Beautiful, that evoked my week of hiking and solitude recently in that very area. Periodic time for self and silence has always been a must for me, space to allow the "silt to settle" and enjoy the peace that follows :)

Thanks for sharing,
Graeme

Open, Thank you for this share. It's a very timely and inspiring piece for me since I recently decided to take a break from the continual mental stimulation and chatter of social media interaction that was taking up too much of my time. I was feeling the overwhelm of too much manic outflow without the balance of soft and soothing inflow. At first I experienced some jittery withdrawal tics and twitches, but I've gradually settled into the welcome, peaceful rejuvenation of silence, solitude, and Presence.

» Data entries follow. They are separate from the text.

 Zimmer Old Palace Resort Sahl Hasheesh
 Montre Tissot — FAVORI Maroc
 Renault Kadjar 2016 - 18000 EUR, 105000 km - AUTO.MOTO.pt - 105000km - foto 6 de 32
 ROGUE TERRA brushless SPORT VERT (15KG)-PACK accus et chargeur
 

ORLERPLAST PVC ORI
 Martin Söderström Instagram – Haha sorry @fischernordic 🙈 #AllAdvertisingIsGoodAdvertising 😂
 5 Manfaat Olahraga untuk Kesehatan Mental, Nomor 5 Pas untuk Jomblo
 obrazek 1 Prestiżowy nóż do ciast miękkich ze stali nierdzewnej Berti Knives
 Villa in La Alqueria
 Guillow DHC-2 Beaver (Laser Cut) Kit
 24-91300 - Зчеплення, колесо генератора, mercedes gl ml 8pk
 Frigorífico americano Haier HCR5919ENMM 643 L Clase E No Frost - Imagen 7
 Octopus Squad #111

"Solitude is the place of purification." Martin Buber

Thanks for sharing the video - weirdly enough.....I did the think of a number thing...my animal was an elephant - how do they do that???!!!

Enjoy the space Open...open space.....

Great article. It's so so important. I witness in myself and others the affects of not taking this time - increasing identification with the busy matrix lifestyle, increasing inner chatter, and increasing interference from opposing consciousness.

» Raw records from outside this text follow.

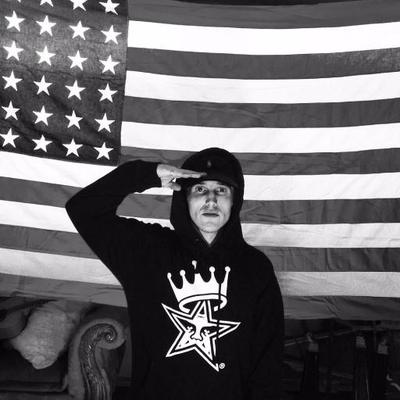Profile Picture of MC 3i JOE (@_JoeGrimes) on Twitter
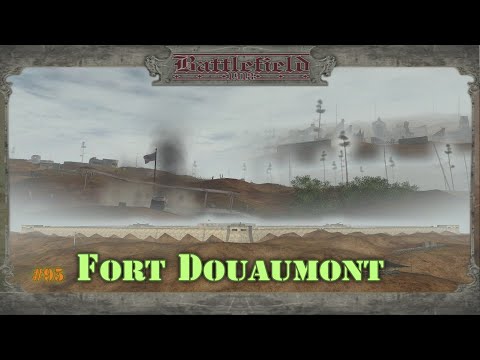 Видео: Battlefield 1918 - #95 Fort Douaumont /// Прохождение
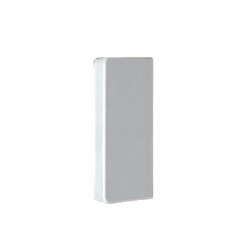 Falcon Kestrel 100 x 50mm Stop End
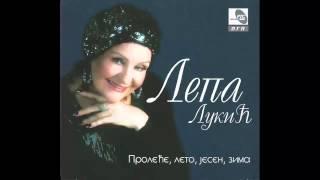 Lepa Lukic - Srce je moje violina - (Audio 2013) HD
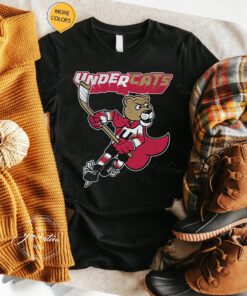 Undercats T Shirt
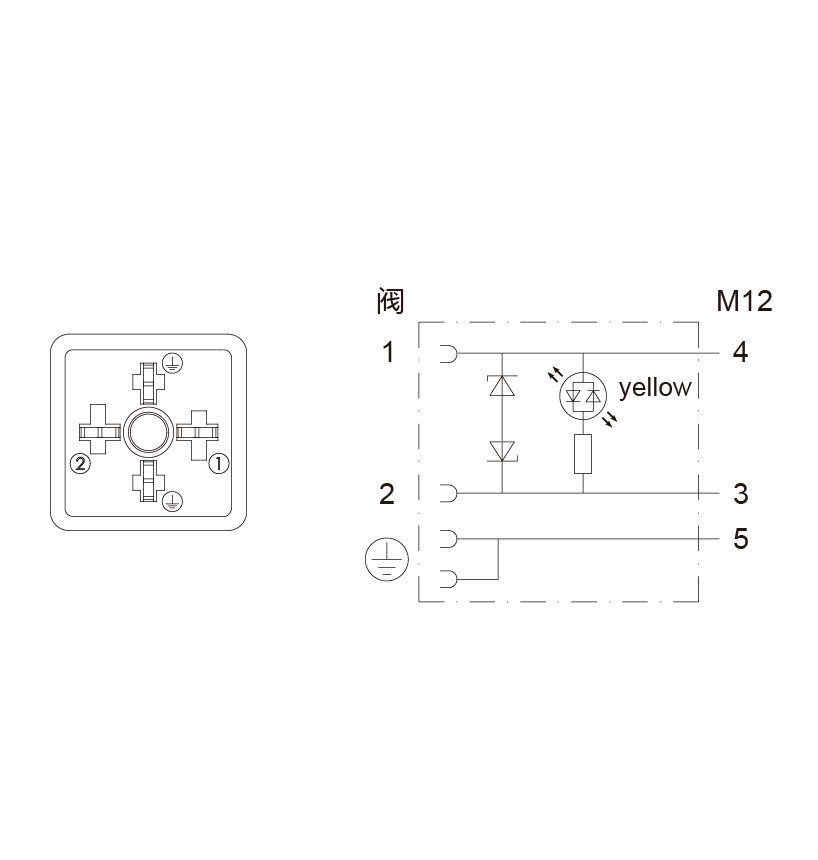 VCI21-024-LV-2-EAM5/C00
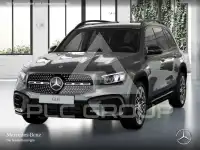 2026 Mercedes Benz GLB 220
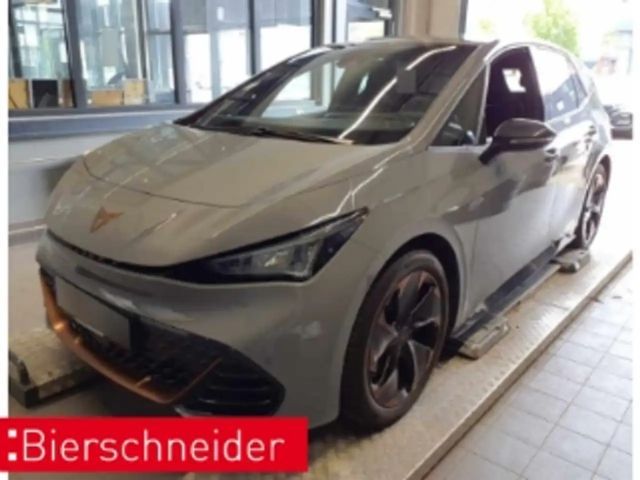 Cupra Born AB297EUR 62KW NAVI REAR VIEW SHZ 2023 Elektrisch
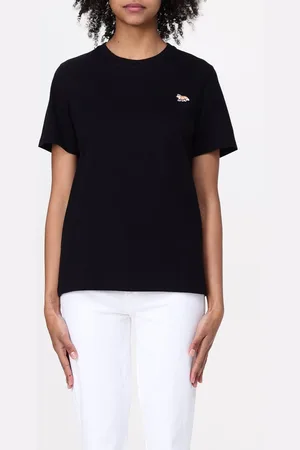 Maison Kitsuné T-shirt in cotone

I might add that, yes, although it is hard when you have a family and a busy life, i have found that free alone time in nature is even more needed, so if anything those could be motivations rather than excuses.

Thanks for another great article!
Rich

So many Synchronistic messages I am beginning to be more aware of lately :)and this article strikes the centre point perfectly, Just last night I was chatting with a friend as she was seeking or needing advice or just needed a friend to chat with, I listened to her and one of her fears was 'Being Alone' I provided my understanding of the importance of this from what I have learned from 'Openhand' .....I will share this article with her , Thank-you Open you are touching so many many people. <3

As life expands into more busyness this is exactly the message that is needed.
Sometimes when it doesn't feel possible to actually 'leave the premises', I will find a quiet corner, put on my headphones and take a journey with an Openhand meditation. That can be enough to inspire me to get organized, get my hiking boots on and head out the door.... leaving all of the things 'to do' behind for just a little awhile.
It is only me that makes excuses to myself! How crazy is that ??
Thanks Open - may you be blessed and refreshed on your sojourn.
Much love, Jan

Thank you Open. Right on time and well recieved. I read recently, 'you should sit in meditation for twenty minutes every day - unless you're too busy and then you should sit for an hour' Blessings
Heather

Spending time in nature by myself is just amazing. I lose all track of time, cleaning my mind of, like you said Open, debris that does not need to be there. This aloud s me to remain in the moment and chariest this beautiful path we walk. While I write this there is a storm going on outside and this little bird is inside the lilac tree outside my window just pure beauty.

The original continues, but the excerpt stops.